The Company provides global marine and support transportation services to offshore oil and gas exploration, development and production facilities worldwide. The Company currently operates a diverse fleet of 176 support and specialty vessels, of which 137 are owned or leased-in, 32 are joint ventured and seven are managed on behalf of unaffiliated third parties. The primary users of the Company’s services are major integrated oil companies, large independent oil and gas exploration and production companies and emerging independent companies.

The Company operates its fleet in five principal geographic regions: the United States, primarily in the Gulf of Mexico; Africa, primarily in West Africa; the Middle East and Asia; Brazil, Mexico, Central and South America; and Europe, primarily in the North Sea. The Company’s vessels are highly mobile and regularly and routinely move between countries within a geographic region. In addition, the Company’s vessels are redeployed among its geographic regions, subject to flag restrictions, as changes in market conditions dictate. The number and type of vessels operated, their rates per day worked and their utilization levels are the key determinants of the Company’s operating results and cash flows. Unless a vessel is cold-stacked, there is little reduction in daily running costs for the vessels and, consequently, operating margins are most sensitive to changes in rates per day worked and utilization. The Company manages its fleet utilizing a global network of shore side support, administrative and finance personnel.

Offshore oil and gas market conditions deteriorated beginning in 2014 and continued to deteriorate when oil prices hit a thirteen-year low of less than $27 per barrel (on the New York Mercantile Exchange) in February 2016. As of September 30, 2018, oil prices had increased from the February 2016 lows to a price of approximately $76 per barrel. While the Company has experienced what it believes is a beginning of a recovery, it continued to experience difficult market conditions through the third quarter of 2018.

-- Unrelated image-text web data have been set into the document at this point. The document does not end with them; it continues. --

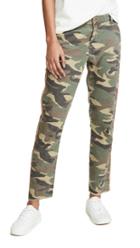 Sundry No 60 Camo Trousers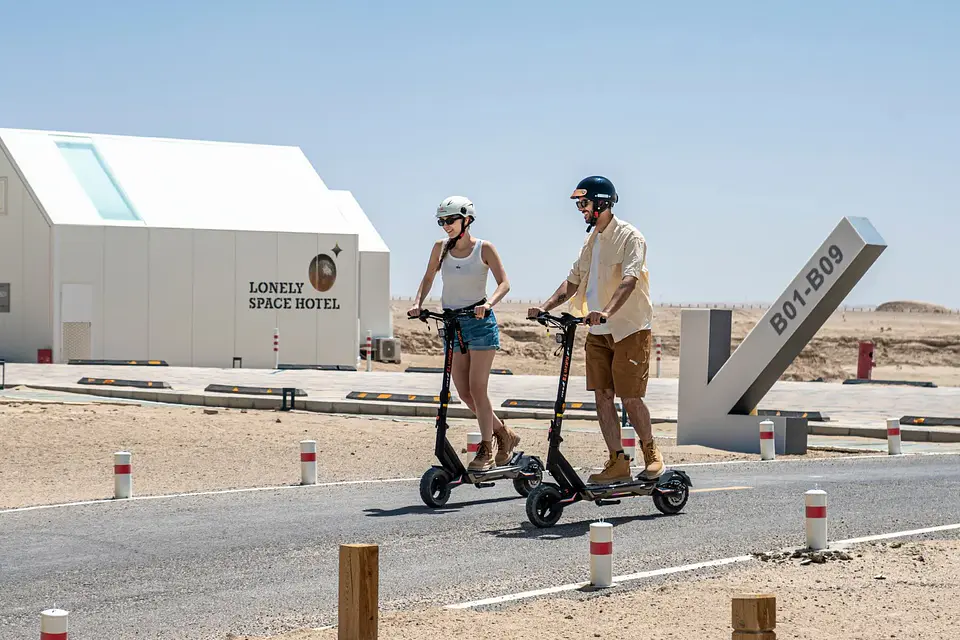  Trotinete Elétrica KuKirin T3 | 800W, 45 km/h e 58 km de Autonomia 8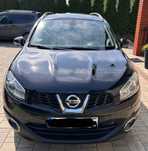 Nissan Qashqai+2 Nissan Qashqai +2 z polskiego salonu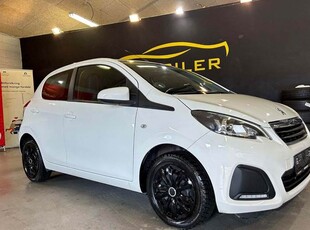 Peugeot 108 1,0 e-VTi 69 Active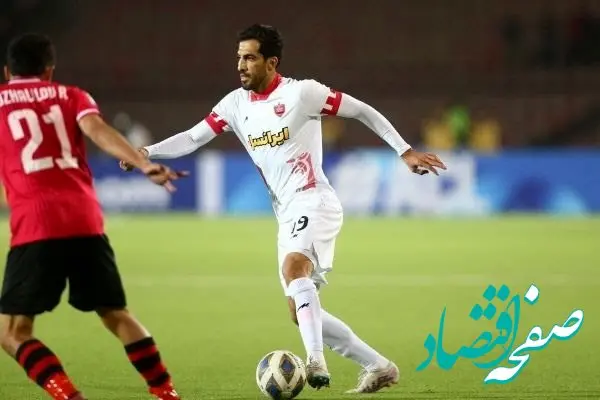 کاروان پرسپولیس وارد تهران شد / آخرین وضعیت 
بازیکنان سرخ پوش 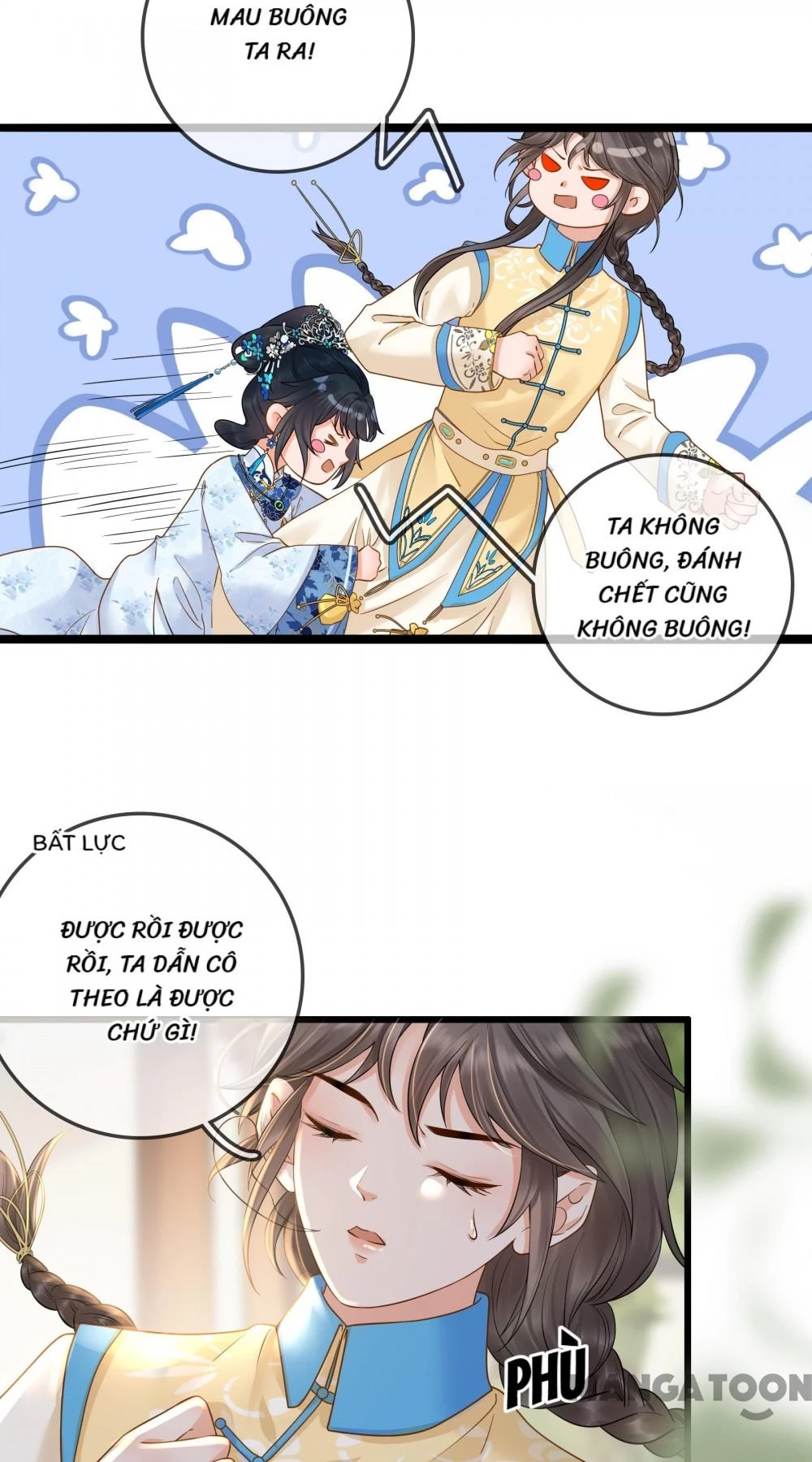 Thái Tử, Người Thật Ngọt Ngào Chapter 74 - 24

These low oil prices and the subsequent decline in offshore exploration forced many operators in the industry to restructure or liquidate assets. The Company continues to closely monitor the reactivation of existing offshore support vessels as well as the delivery of newly built offshore support vessels to the industry-wide fleet, which is creating situations of oversupply, further lowering the demand for the Company’s existing offshore support vessel fleet. A continuation of (i) low customer exploration and drilling activity levels and (ii) the increasing size of the global offshore support vessel fleet as vessels are reactivated and newly built vessels are placed into service could, in isolation or together, have a material adverse effect on the Company’s results of operations, financial position and cash flows.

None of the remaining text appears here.